How To Get Rid Of Flying Termites Without The Hassle

A flying termite viewed from the side

Learning how to get rid of flying termites is essential if you live in an area where these insects are a problem. But unfortunately, there’s a lot of misinformation out there on the right way to deal with them.

This guide will teach you how to get rid of flying termites in your house, as well as outside.

What Are Flying Termites?

When the rest of the country is celebrating the arrival of spring and the warmer weather that spring seems to promise, homeowners in the southern part of the United States are crossing their fingers, getting their spray cans ready and are putting their exterminator’s phone number on speed dial. There, spring is the season for flying termites.

If you’re not from that part of the country, then you can have no idea of the terror that flying termites can bring. These flying termites are sometimes known as “swarmers” because they fly in large swarms as they search for mates and new places to set up their colonies. At any one time, hundreds of flying termites can be seen swarming around street lamps or porch lights. 

A group of winged termites

Not all termites in a colony can fly, so the ones that do fly are reproductive males and females looking to hook up, find a nice place to set up a new colony and begin to reproduce at exponential rates. Once a queen is established and starts doing her thing, she can lay up to 30,000 eggs a day. This means that a colony of 100 termites can turn into literally tens of thousands in a few years. Left long enough, that number can spike into the millions.

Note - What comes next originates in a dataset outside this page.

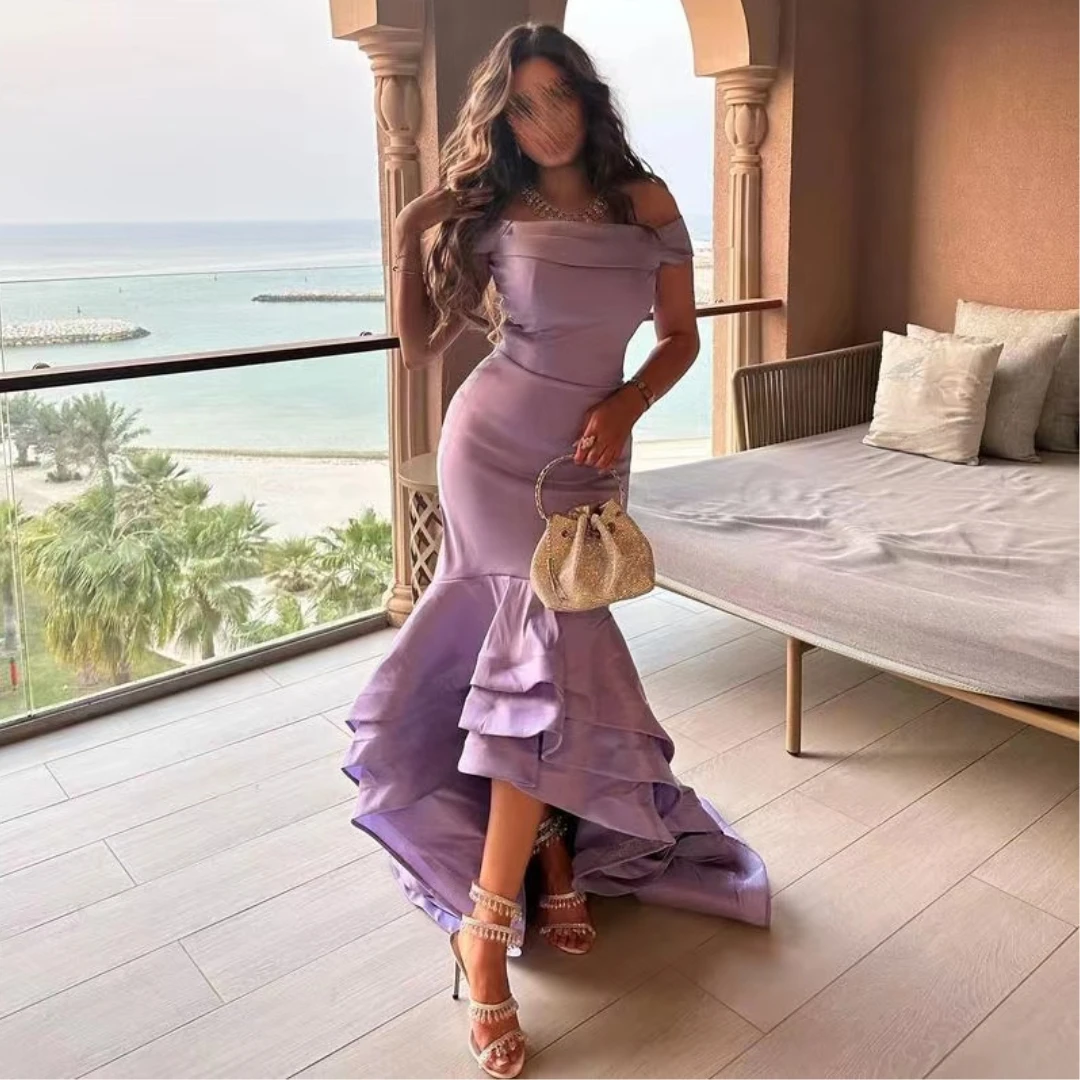 

Fashionvane Off Shoulder Saudi Arabia Women Wear Prom Dresses High Low Tiered Mermaid Party Dress Formal Occasion Evening Gowns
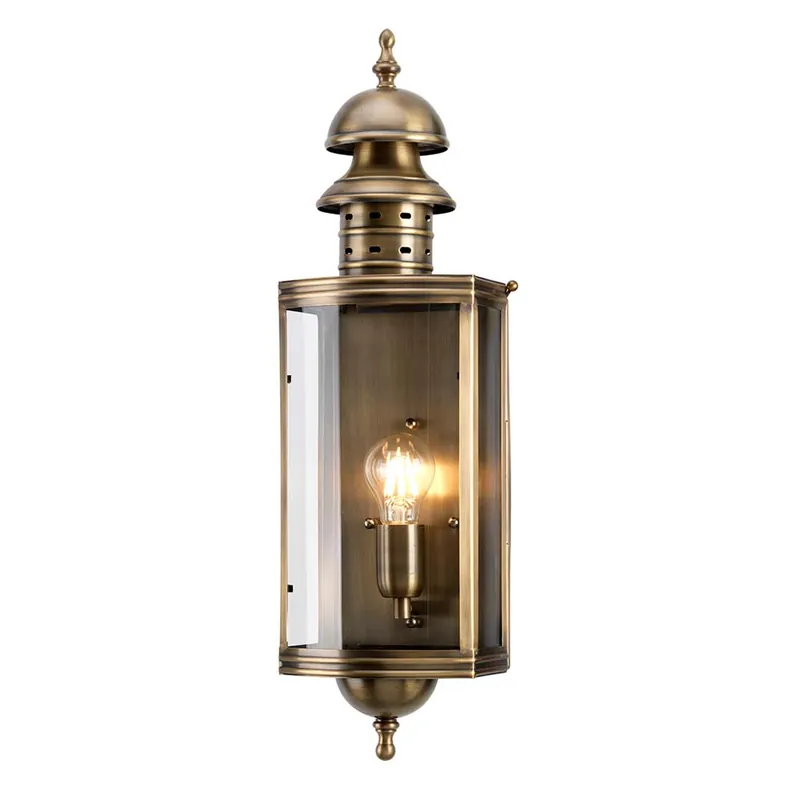 Gratis Verzending Buitenlamp, wandlamp, messing glas, H 60 cm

These flying termites are going to try to get into any crack, crevice or hole in a home they can possibly get into to set up their newest colony. After that, once the colony is established, the colony can eat up to 25 pounds of wood per year. Grossed out yet? It gets worse because you may not even realize that your home is infested until the colony has been there for years. So if you see flying termites swarming around your bedroom lamp or in your bathroom, it’s important to know how to get rid of them.

What Do Flying Termites Look Like?

Flying termites have a pretty distinctive body structure. These insects are around an inch long and usually have dark brown bodies. While they’re often confused with other insects, it’s actually not that hard to identify them once you know what to look for (more on that later).

Signs They’re In Your House

It’s very important to be aware of any indication that you have flying termites in your home. If you notice any one of the signs we will be discussing, you’ll need to take action to get rid of them right away. Evidence of flying termites in your home is a good indication that there is a colony already established in or near your home. 

If you live in a part of the country where there is springtime termite activity, then giving your house a good, all-over inspection a couple times a year is an excellent idea. Let’s check out some of the things to look out for that indicate you have a flying termite problem.

Hollowed Wood

One thing to keep an eye out for when getting rid of flying termites is hollowed wood. Hollowed wood can be found outside or inside the house, and many times it’s not found until lots of damage has been done.

Termites, especially drywood termites, eat wood from the inside of the wood to the outside. You may not even notice that the wood has been eaten until you touch it, and the wood just crumbles. This is wood that has been hollowed out by the termites, and it’s a pretty sure sign that there is a termite colony somewhere nearby.

Expert Tip: If you suspect that flying termites are present, then you can randomly tap on indoor walls and on wooden structures outside the home. A hollow sounding piece of wood may be an indication of a termite infestation.

Blistered Wood

Another good sign that you might have flying termites you need to get rid of is the presence of blistered wood or blistered walls. At first glance, this blistering may look like water damage, but if you are in a termite-prone area, there’s a good chance that it’s from termites.

How can you tell the difference between water damage and an invasion of these insects? One way is to decide whether water damage is even a possibility. If you find the blistering in a spot that isn’t even near a water source, then chances are that you are dealing with termites.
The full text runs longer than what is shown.